3.2 Capital gains u/s. 48 are computed as follows:
a) Full value of consideration received or accruing as a result of the transfer of capital asset [also refer column 5 of Table 3] a
b) Less Expenditure incurred wholly & exclusively in connection with transfer [Expenditure by way of Securities Transaction Tax is not allowable] b
c) Less Cost of acquisition and cost of improvement (refer tree diagram below) c
d) * d
Income/Loss chargeable u/s. 45 r.w.s. 48 [a-b-(c-d)]
* Section 51 amended by Finance (No. 2) Bill, 2014 w.e.f. 1-4-2015 whereby where any sum of money, received as an advance or otherwise in the course of negotiations for transfer of a capital asset, has been included in the total income of the assessee for any previous year in accordance with the provisions of clause (ix) of sub-section (2) of section 56, then, such sum shall not be deducted from the cost for which the asset was acquired or the written down value or the fair market value, as the case may be, in computing the cost of acquisition. 

Exceptions to S. 48:
  1. In case of a non-resident, Capital Gains on transfer of shares in or debentures of an Indian company are to be computed firstly by converting cost of acquisition, full value of consideration and expenses incurred in connection with transfer into originally utilised foreign currency and reconverting the capital gains so computed into Indian rupees.
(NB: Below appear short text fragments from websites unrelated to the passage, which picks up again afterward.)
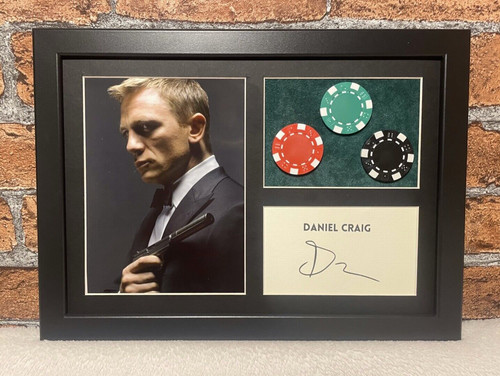 Daniel craig autograph framed - daniel,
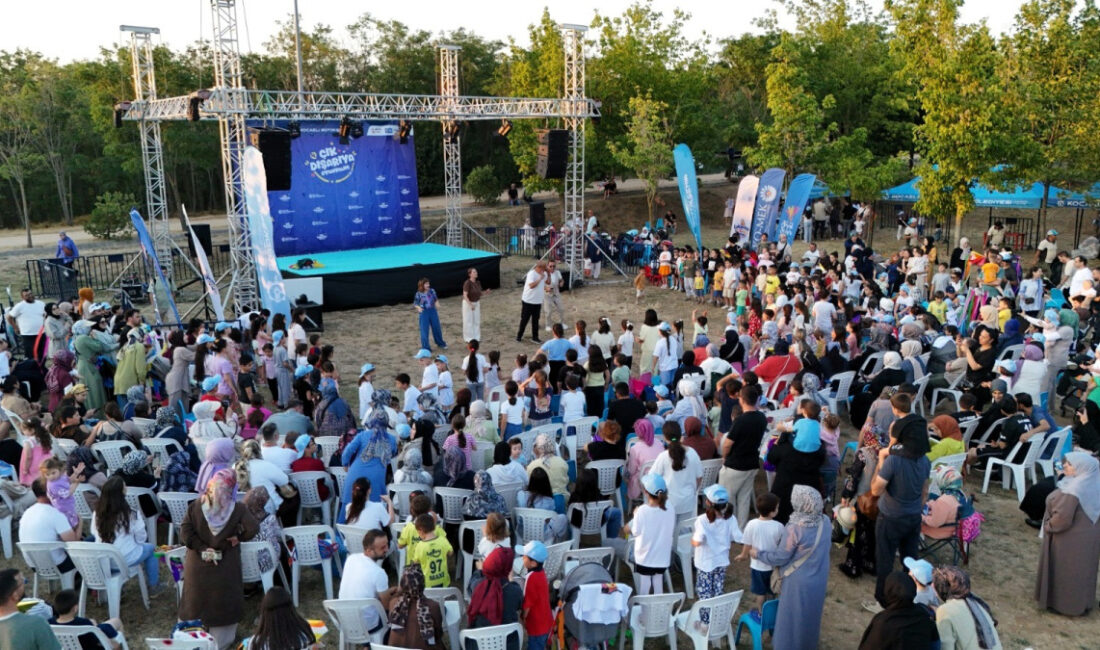 Kocaeli Büyükşehir Belediyesi tarafından düzenlenen “Çık Dışarıya Oynayalım” etkinlikleri, yaz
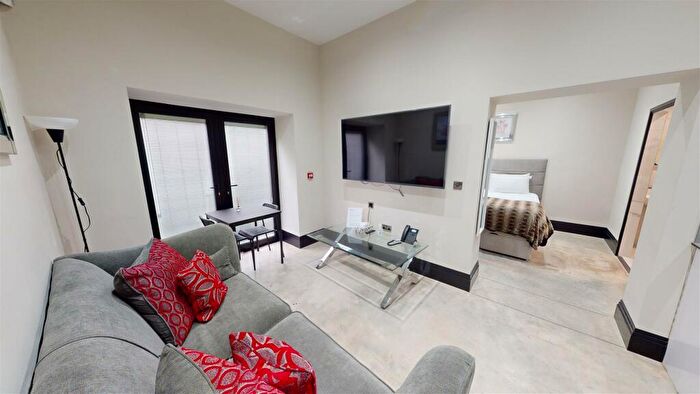 1 Bedroom Apartment To Rent In Stanley Street, Southport, PR9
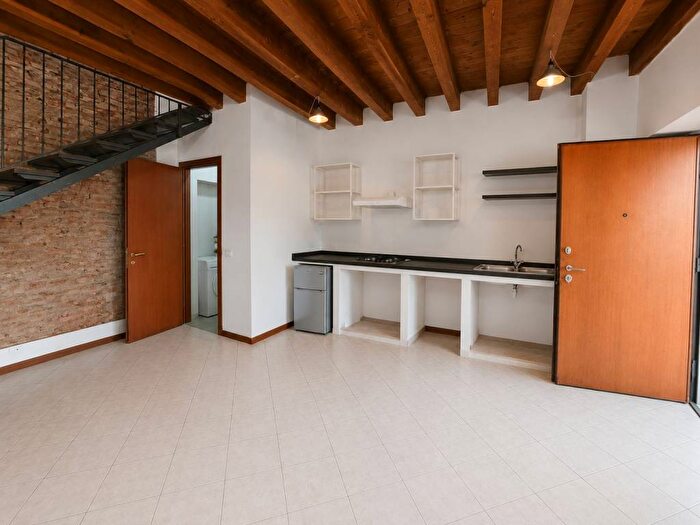 Appartamento bilocale in affitto in Via Edmondo De Amicis, Centro, Cornate d'Adda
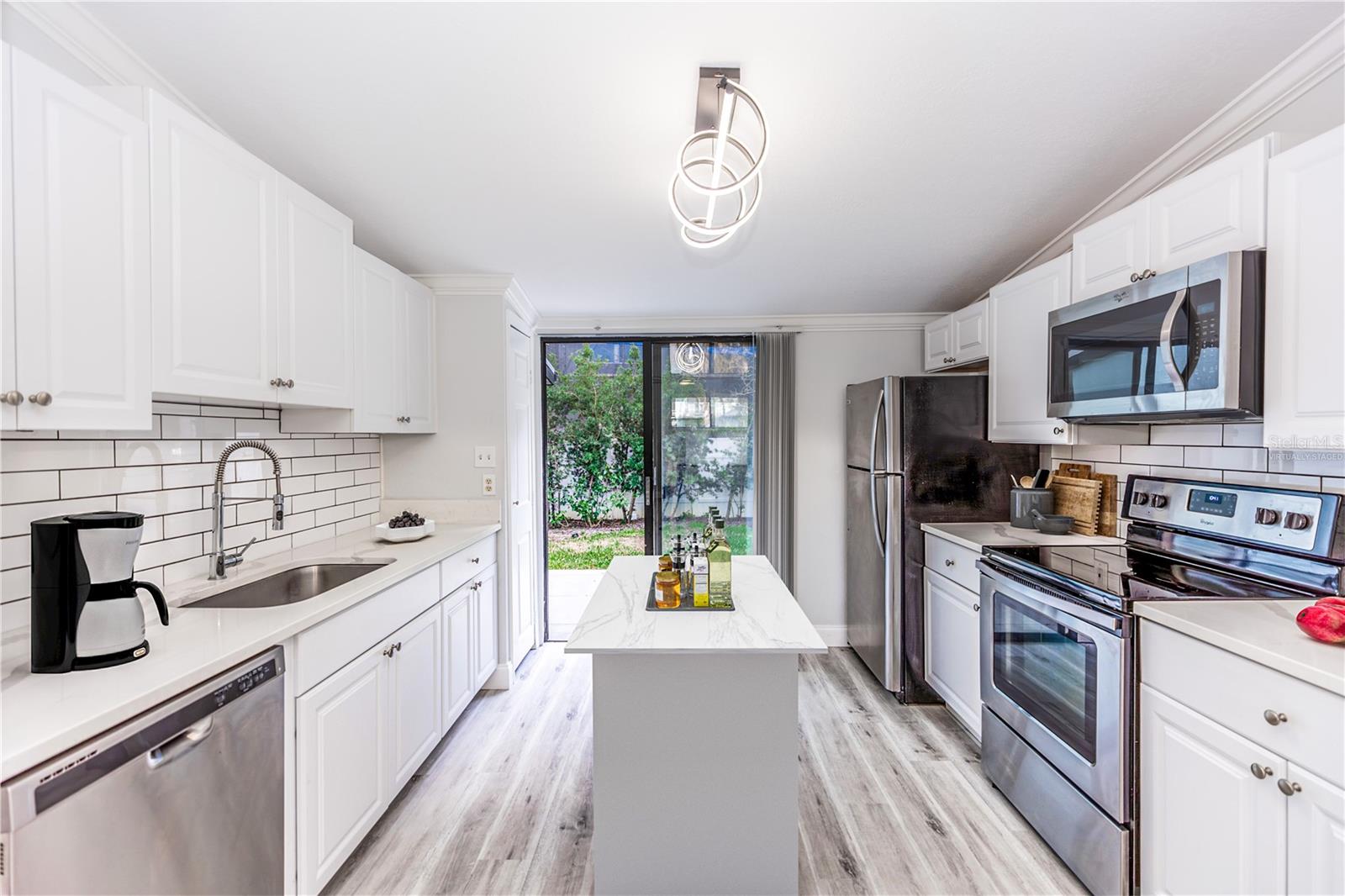 47 JACARANDA CAY CT #470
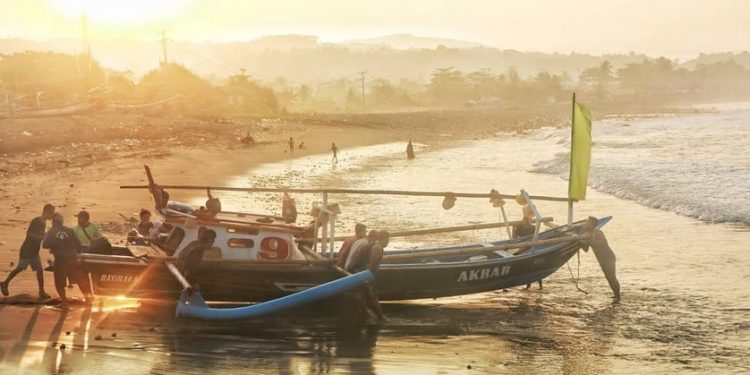 Wilayah Pesisir Sukabumi Diterjang Gelombang Pasang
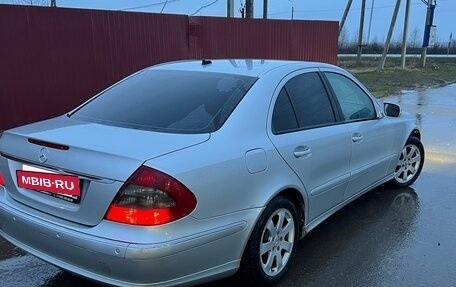 Mercedes-Benz E-Класс, 2007 год, 715 000 рублей, 7 фотография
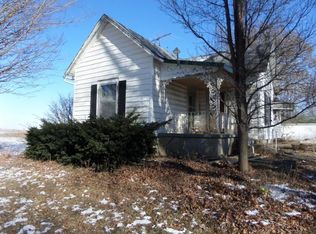 1152 County Road 2400e, Casey, IL 62420
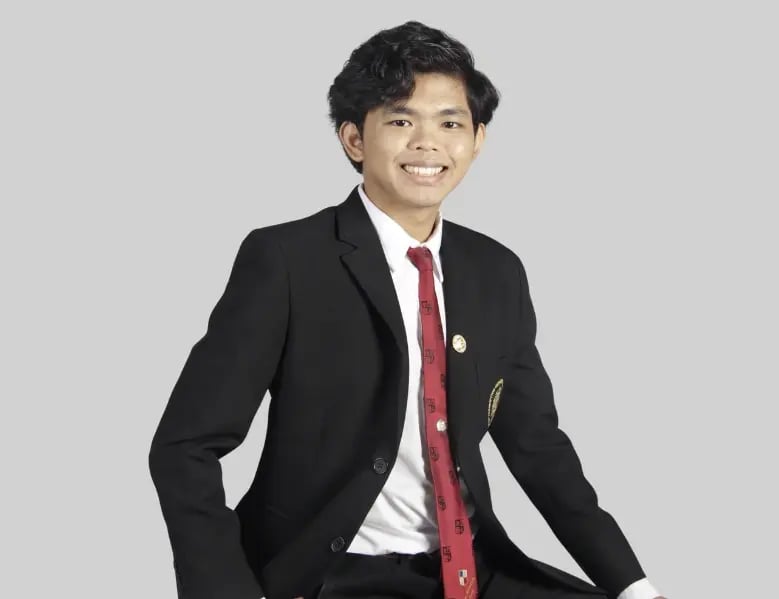 Professional Photo_Phone Myint Htwe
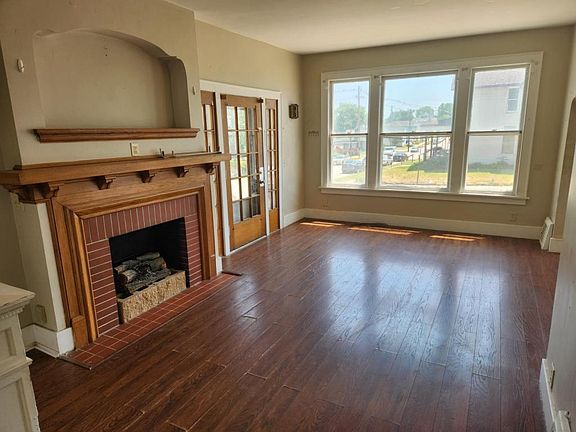 2nd image of 600 Pine St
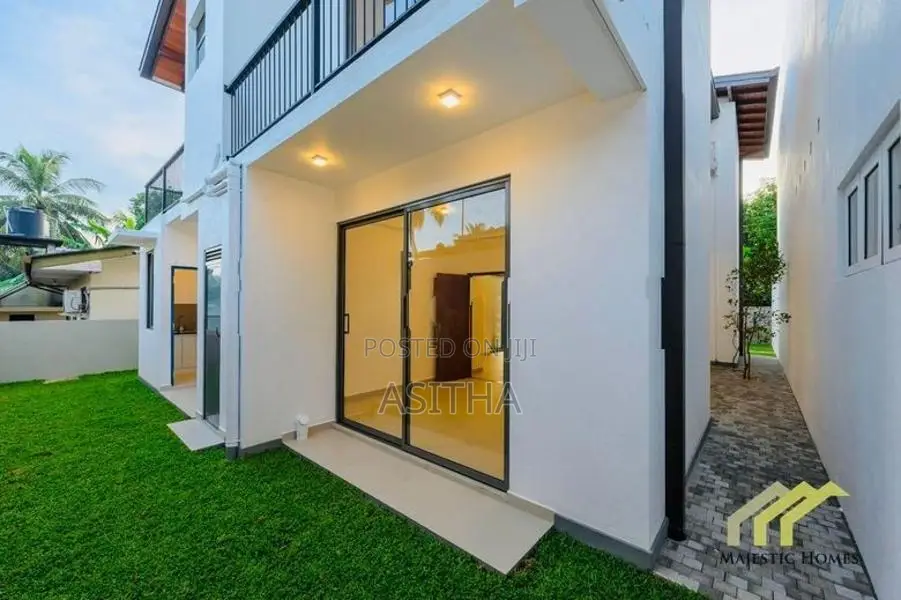 පදින්චි නොවු අලුත්ම දෙමහල් නිවස කැස්බැව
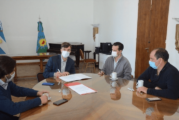 Morón | Lucas Ghi firmó un nuevo acuerdo salarial para las y los trabajadores municipales de la Salud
    Rule 115A prescribes the rates of conversion and reconversion for the purpose of calculation of capital gains in the above case. The rates of conversion and reconversion are as follows:
Cost of acquisition The average of telegraphic transfer (TT) buying rate and TT selling rate (as on the date of acquisition) of the foreign currency utilised in the purchase of asset
Expenditure incurred wholly and exclusively in connection with transfer consideration The average of TT buying rate and TT selling rate as on the date of transfer
Full value of consideration The average of TT buying rate and TT selling rate as on the date of transfer
For reconverting the capital gains TT buying rate as on the date of transfer
  1. The benefit of indexation of cost will not be available for computation of Capital Gains on transfer of Bonds/Deb.
  2. While calculating long-term capital gains (other than those covered under (a) and (b) above) cost of acquisition and cost of improvement are required to be indexed at prescribed indices (refer Table 2)
3.3 Capital gains u/s. 50 are computed as follows:
a) Opening W.D.V. of the Block of Assets ‘a’
b) Less Full value of consideration received or accruing as a result of transfer or transfers of asset falling within the concerned block of assets during the relevant previous year ‘b’
c) Less Expenditure incurred wholly and exclusively in connection with such transfer or transfers. This deduction would not be available in a case where the entire block ceases to exist as such, for the reason that all the assets in that block are transferred during the year. ‘c’ ’c’
d) Add Actual cost of any asset falling within the concerned block of assets acquired during the relevant previous year. ‘d’
Resultant figure a+c+d-b
If the resultant figure is negative, the same is chargeable as deemed short-term capital gains u/s. 50.
If the resultant figure is positive and the entire block ceases to exist as such (for the reason that all the assets in that block are transferred during the year) the resultant figure indicates deemed short-term capital loss (refer CBDT Circular No. 469 dated 23-9-1986 — reported in 162 ITR (Stat) 21, 30).
If the resultant figure is positive and the block continues to exist (For the reason that at least one asset in the block continues to be owned by the assessee) then there will be no gains or losses and the assessee will be entitled to claim depreciation on the resultant figure.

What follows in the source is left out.